__RECORDS FOR PROCESSING__.
((
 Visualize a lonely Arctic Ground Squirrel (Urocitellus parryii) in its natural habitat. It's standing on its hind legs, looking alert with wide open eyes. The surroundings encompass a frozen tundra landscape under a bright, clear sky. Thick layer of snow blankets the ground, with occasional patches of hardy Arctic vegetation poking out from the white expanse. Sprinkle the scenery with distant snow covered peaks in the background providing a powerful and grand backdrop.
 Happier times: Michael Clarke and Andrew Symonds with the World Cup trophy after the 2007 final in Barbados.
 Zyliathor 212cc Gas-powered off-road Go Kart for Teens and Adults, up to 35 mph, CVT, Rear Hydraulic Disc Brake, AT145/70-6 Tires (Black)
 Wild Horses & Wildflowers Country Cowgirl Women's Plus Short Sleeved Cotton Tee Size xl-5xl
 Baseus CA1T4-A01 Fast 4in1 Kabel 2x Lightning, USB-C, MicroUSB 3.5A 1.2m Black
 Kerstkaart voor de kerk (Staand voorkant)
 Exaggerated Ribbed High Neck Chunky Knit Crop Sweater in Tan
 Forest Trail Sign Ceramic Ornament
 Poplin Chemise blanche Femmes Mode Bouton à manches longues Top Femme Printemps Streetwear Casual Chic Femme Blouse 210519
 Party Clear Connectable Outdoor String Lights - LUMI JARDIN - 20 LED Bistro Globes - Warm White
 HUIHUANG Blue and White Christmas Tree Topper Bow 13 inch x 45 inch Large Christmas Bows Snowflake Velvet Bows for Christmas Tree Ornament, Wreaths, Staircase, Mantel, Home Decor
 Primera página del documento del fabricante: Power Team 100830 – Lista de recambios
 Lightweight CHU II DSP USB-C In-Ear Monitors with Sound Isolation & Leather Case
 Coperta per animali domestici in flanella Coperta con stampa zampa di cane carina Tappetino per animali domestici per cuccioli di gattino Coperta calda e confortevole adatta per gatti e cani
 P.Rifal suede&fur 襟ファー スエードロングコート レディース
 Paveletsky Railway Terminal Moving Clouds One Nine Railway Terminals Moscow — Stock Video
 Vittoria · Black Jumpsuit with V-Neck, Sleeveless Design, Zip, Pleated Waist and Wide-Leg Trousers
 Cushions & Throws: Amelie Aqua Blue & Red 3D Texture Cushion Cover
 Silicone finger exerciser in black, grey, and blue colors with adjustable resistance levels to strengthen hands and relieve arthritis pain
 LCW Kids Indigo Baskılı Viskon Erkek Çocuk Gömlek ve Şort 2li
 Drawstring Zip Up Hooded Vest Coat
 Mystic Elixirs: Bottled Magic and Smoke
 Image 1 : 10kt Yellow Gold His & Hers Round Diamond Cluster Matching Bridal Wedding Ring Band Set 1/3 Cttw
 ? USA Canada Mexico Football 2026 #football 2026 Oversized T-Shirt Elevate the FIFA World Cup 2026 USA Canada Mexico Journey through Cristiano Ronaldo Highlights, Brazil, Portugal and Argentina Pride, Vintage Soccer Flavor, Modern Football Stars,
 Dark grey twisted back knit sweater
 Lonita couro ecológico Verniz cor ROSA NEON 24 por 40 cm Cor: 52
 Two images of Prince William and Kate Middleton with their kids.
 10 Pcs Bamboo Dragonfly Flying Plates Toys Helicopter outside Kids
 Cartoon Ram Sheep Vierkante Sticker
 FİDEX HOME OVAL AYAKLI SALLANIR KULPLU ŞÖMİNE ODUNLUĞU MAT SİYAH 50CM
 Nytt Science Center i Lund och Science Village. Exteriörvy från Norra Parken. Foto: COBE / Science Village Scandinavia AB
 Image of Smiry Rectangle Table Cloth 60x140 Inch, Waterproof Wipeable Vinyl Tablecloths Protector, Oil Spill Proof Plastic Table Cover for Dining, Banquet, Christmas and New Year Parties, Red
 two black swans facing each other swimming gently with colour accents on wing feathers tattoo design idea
))
__AIM OF THE EXERCISE__. Copy out, exactly and alone, the lines of the entries above between the ones holding "Zyliathor 212cc Gas-powered" and "Exaggerated Ribbed High", inclusive.

__ANSWER SECTION__.
 Zyliathor 212cc Gas-powered off-road Go Kart for Teens and Adults, up to 35 mph, CVT, Rear Hydraulic Disc Brake, AT145/70-6 Tires (Black)
 Wild Horses & Wildflowers Country Cowgirl Women's Plus Short Sleeved Cotton Tee Size xl-5xl
 Baseus CA1T4-A01 Fast 4in1 Kabel 2x Lightning, USB-C, MicroUSB 3.5A 1.2m Black
 Kerstkaart voor de kerk (Staand voorkant)
 Exaggerated Ribbed High Neck Chunky Knit Crop Sweater in Tan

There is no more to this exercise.